> _What is expected_:
Nothing but an exact copy is asked for: the lines in the material below from the one with "#MyHomeIsMyBurgtheater #45: Peter" through the one with "LIVERPOOL 2009 2010 RETRO THIRD JERSEY", pictures excluded.

> _Data provided_:

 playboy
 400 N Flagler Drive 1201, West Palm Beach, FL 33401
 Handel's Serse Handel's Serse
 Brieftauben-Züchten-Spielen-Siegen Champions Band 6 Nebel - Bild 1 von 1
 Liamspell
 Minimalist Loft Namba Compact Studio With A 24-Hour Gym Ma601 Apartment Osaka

==

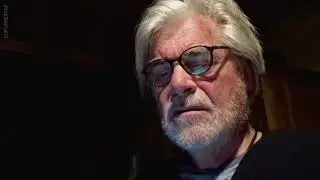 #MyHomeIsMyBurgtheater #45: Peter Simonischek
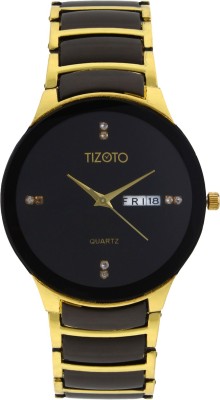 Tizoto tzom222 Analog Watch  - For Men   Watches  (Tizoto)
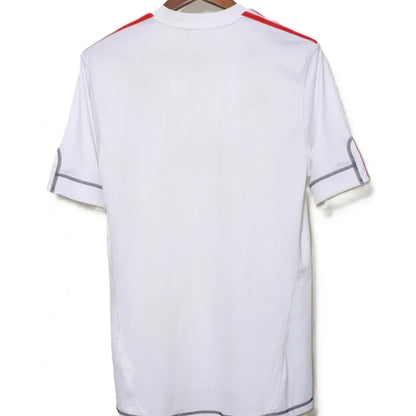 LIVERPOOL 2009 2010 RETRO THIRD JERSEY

> _Reply to the exercise_:
 #MyHomeIsMyBurgtheater #45: Peter Simonischek
 Tizoto tzom222 Analog Watch  - For Men   Watches  (Tizoto)
 LIVERPOOL 2009 2010 RETRO THIRD JERSEY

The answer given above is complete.